Page d'histoire : Les Cent-Jours 1er mars - 7 juillet 1815

Arrivée de Nicolas Buonaparte aux Tuileries le 20 mars 1815,
estampe non signée, coll. de Vinck, Un siècle d’histoire de France
par l’estampe, 1770-1870, vol. 72 (pièces 9377-9502),
Restauration et Cent-Jours, Paris, Bibliothèque nationale de France.
Napoléon, accompagné de la Mort et de la Misère
qui « serviront toujours l’Empereur » et de deux admirateurs […],
tend une proclamation […] en disant : « J’ai dans ma poche
une trêve de 20 ans avec les Puissances [etc.] ». Dans une caisse
portant l’étiquette « Récompense militaire », des béquilles
et des jambes de bois. Un groupe d’hommes et de femmes
l’accueille avec des réflexions rien moins qu’enthousiastes.
Les historiens ne se prononcent pas encore sur le motif de la substitution
du prénom « Nicolas » à celui de « Napoléon » ; c’est surtout
la presse royaliste de l’époque qui semble avoir utilisé « Nicolas ».
© BnF, Dist. RMN-Grand Palais / image BnF

Cent jours... dans sa banale neutralité numérique, la formule est restée insolite. Le préfet Chabrol, rescapé de l’Empire rallié à la première Restauration, crut plaire à Louis XVIII revenant de Gand le 8 juillet 1815, en refermant sous ce décompte anonyme un traumatisme national. Vraie rechute de la Révolution, l’affaire laissait la France étourdie. Car avant les Cent-Jours, ç’avait d’abord été les vingt du vol de l’Aigle. Du débarquement de Golfe-Juan le 1er mars, à l’entrée nocturne aux Tuileries le 20, dix-neuf étapes avaient suffi au Petit Caporal pour culbuter le trône restauré du frère de Louis XVI. Mais déjà le 22 juin, à peine brossé de la poussière de Waterloo, l’Empereur vaincu faisait entrer l’Élysée dans l’histoire en y signant sa seconde abdication.

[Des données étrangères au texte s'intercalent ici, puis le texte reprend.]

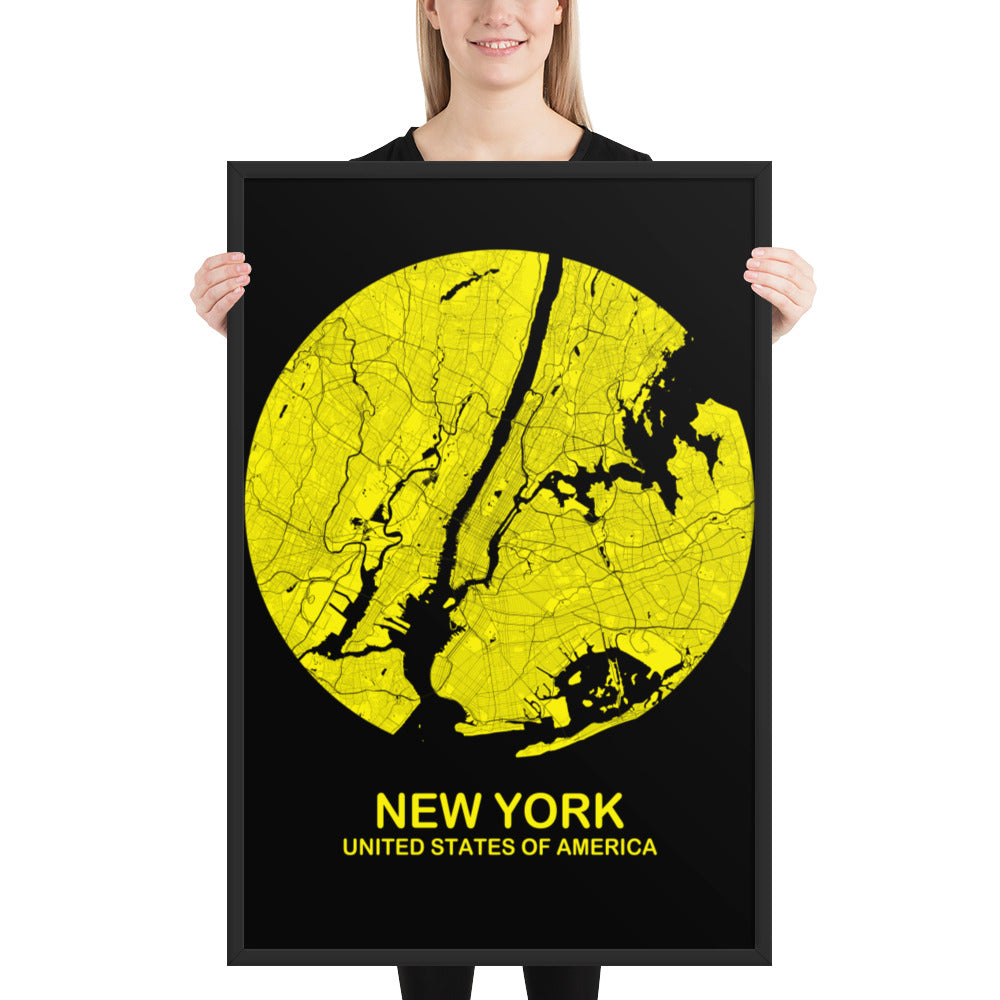 New York Circular Yellow Framed Map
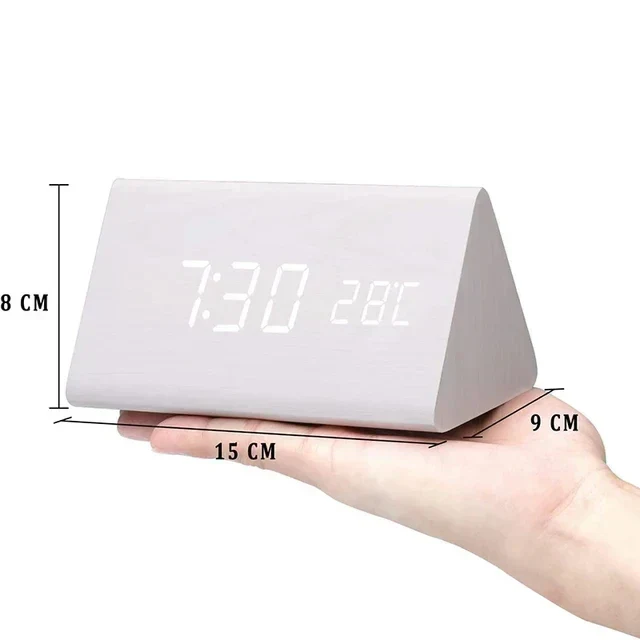 LED Smart Alarm Clock | Modern Voice-Controlled Wooden Design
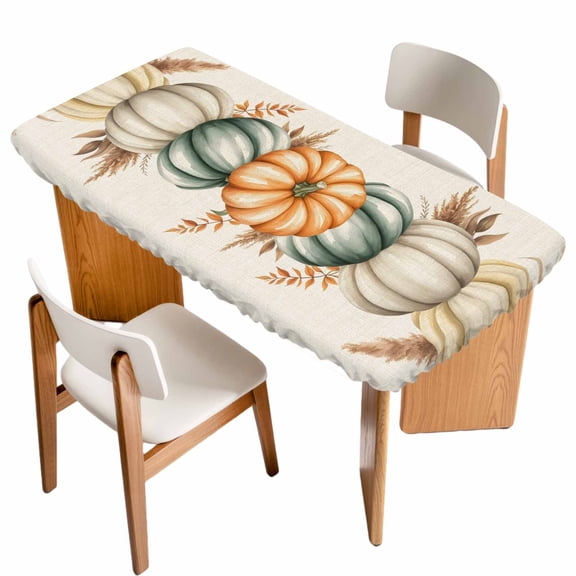 Fall Pumpkins Table Cloths for 4 Foot Rectangle Tables, Thanksgiving Vintage Country Wheat Plant Patio Waterproof Elastic Fitted Tablecloths, Washable Rectangular Table Cover for Camping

Ainsi nous étonne d’abord cette fragilité du pouvoir, qui a fait du printemps 1815 une caricature de la Révolution décidément jamais finie. La légitimité semblait se dérober à tous les prétendants. D’abord se propagea l’onde de choc impériale : « Les sous-lieutenants et les soldats [...] ont tout fait ; c’est à l’armée, c’est au peuple que je dois tout. » La troupe et les bas-officiers envoyés pour l’arrêter tombaient dans les bras de l’Empereur retrouvé, abandonnant les maréchaux loyalistes réduits à tourner bride au galop. Deux mille paysans accouraient sur Grenoble à la lumière des torches, les canuts lyonnais saisissaient les ponts du Rhône. Mais ce retour de flamme révolutionnaire était-il encore de saison ?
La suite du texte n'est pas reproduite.